[Items listed in a dataset]
---+---

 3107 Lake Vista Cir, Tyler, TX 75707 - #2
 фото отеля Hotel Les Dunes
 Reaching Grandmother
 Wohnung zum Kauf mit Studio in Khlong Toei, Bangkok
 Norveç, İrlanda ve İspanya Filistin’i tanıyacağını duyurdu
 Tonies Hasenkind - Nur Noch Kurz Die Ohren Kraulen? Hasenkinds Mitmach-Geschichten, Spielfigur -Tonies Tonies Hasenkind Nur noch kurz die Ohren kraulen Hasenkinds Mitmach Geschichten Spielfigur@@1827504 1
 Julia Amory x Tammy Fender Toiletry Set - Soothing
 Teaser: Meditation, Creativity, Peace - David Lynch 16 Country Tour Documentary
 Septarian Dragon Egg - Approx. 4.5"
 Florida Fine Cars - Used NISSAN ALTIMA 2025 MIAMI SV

---+---

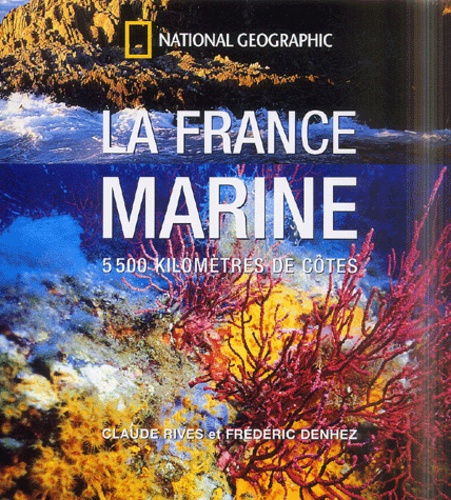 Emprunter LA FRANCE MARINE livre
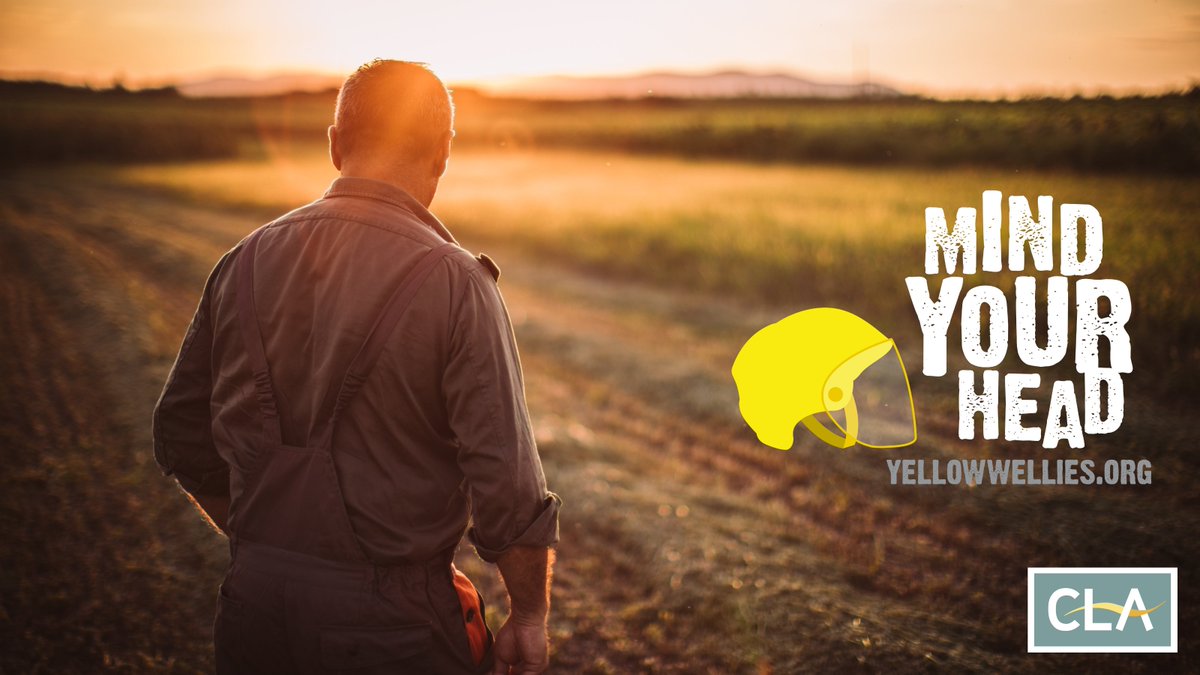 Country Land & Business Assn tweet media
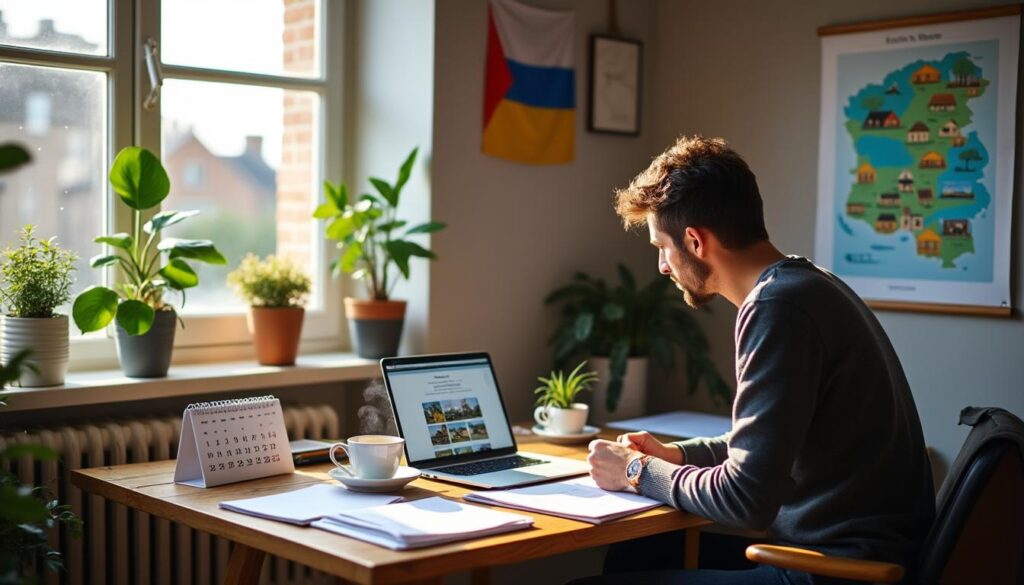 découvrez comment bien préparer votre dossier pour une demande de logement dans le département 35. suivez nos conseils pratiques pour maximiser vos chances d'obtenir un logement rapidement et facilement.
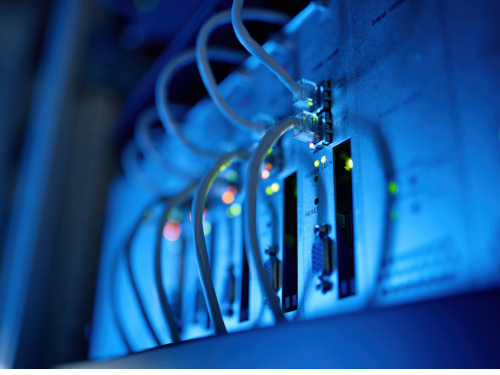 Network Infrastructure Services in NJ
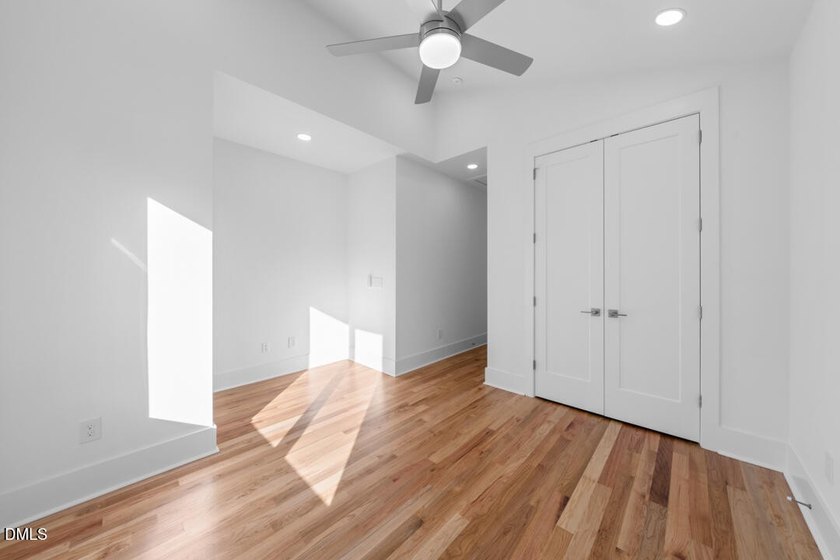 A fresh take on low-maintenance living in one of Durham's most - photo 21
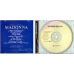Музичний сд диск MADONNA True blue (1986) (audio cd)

---+---

## About this exercise
Beginning with the line that has "3107 Lake Vista Cir, Tyler, TX 75707 - #2" and ending with the line that has "Julia Amory x", set down the lines above exactly and include no others.

## Task response
 3107 Lake Vista Cir, Tyler, TX 75707 - #2
 фото отеля Hotel Les Dunes
 Reaching Grandmother
 Wohnung zum Kauf mit Studio in Khlong Toei, Bangkok
 Norveç, İrlanda ve İspanya Filistin’i tanıyacağını duyurdu
 Tonies Hasenkind - Nur Noch Kurz Die Ohren Kraulen? Hasenkinds Mitmach-Geschichten, Spielfigur -Tonies Tonies Hasenkind Nur noch kurz die Ohren kraulen Hasenkinds Mitmach Geschichten Spielfigur@@1827504 1
 Julia Amory x Tammy Fender Toiletry Set - Soothing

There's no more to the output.